Seu conteúdo é tirânico, pois, sob o pretexto de modernizar a máquina pública, o governo nos apresentou um projeto que dá superpoderes ao presidente e pode destruir todo o corpo profissional do Estado brasileiro. Com a PEC 32, teremos um enorme contingente de profissionais da esfera pública que nunca poderá dizer não às arbitrariedades dos governantes. Isso, entre outros, por dois motivos principais. Primeiro, a proposta cria a figura dos servidores por tempo indeterminado e sem estabilidade – podem atuar na administração pública até que alguém de cima deseje lhes demitir.
Em segundo lugar, o projeto prevê a criação de cargos de confiança sem nenhum critério técnico de ocupação. Hoje, essas funções têm cotas para servidores públicos, ou seja, uma proporção delas deve obrigatoriamente ser assumida por concursados. Isso existe para evitar a nomeação de pessoas sem nenhum entendimento da área na qual vão trabalhar e a manipulação da máquina pública por interesses privados. Imagine o nível de desmandos que o governo poderá cometer se a maioria dos profissionais do Estado possuir vínculos frágeis e for composta por apadrinhados políticos?

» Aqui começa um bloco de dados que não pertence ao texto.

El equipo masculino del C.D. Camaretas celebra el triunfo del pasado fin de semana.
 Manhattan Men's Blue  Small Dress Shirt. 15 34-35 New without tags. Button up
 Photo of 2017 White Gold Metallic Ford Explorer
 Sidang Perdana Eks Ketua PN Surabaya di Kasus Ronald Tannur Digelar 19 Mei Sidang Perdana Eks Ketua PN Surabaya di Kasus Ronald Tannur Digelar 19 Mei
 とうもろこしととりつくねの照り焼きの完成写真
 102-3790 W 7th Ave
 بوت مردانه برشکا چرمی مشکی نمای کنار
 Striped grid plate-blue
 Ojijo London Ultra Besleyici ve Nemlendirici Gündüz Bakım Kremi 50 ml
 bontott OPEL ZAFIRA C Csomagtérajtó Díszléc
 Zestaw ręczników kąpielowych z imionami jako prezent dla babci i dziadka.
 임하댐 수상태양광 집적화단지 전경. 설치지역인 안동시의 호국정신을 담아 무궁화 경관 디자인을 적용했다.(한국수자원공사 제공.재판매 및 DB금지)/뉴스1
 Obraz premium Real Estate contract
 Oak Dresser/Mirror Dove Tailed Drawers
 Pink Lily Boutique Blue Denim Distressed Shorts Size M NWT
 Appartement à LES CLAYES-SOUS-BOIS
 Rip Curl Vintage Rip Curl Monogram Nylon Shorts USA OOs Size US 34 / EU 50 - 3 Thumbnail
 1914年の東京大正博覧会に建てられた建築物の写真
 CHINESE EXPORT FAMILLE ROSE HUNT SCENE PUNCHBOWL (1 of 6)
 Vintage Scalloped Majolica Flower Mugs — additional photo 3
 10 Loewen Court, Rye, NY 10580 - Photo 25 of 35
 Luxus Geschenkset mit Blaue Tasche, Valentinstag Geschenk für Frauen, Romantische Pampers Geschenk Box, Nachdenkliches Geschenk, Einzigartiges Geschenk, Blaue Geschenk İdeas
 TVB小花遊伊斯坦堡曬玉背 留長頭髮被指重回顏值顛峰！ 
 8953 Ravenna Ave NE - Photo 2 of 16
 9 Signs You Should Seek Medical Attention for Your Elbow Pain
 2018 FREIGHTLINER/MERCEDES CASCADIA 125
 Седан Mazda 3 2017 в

Mas o despotismo não para por aí: com esta PEC, o presidente pode decidir sozinho e sem nenhum diálogo com o Congresso Nacional a respeito da junção ou extinção dos órgãos da Administração Pública. Se esta proposta estivesse vigente, Bolsonaro poderia dar fim à FUNAI, ao ICM Bio ou à Fundação Palmares numa canetada, por exemplo. E nós, parlamentares eleitos para representar o povo, nada poderíamos fazer.
Além de seu conteúdo, a PEC 32 também é tirânica pelo momento em que se apresenta. Temos crise sanitária, recessão econômica e um orçamento profundamente aquém do necessário para enfrentar os desafios. É hora de discutirmos vacinação, o fortalecimento do nosso Sistema Único de Saúde, a criação de empregos e a retomada das aulas. De pautarmos uma reforma tributária progressiva, que aumente os recursos para os serviços públicos e diminua a desigualdade.
Mais ainda, é o momento de valorizarmos a imensa maioria dos servidores concursados que tem batalhado para manter os serviços públicos de pé, entre eles os profissionais de saúde que, sob condições esgotantes e precárias de trabalho, seguem tentando preservar vidas. Mas, com sua tirania míope, o governo prefere pressionar o Congresso a discutir uma Reforma que fragiliza a atuação do Estado e gastar o tempo manchando a imagem dos servidores públicos para toda nossa população.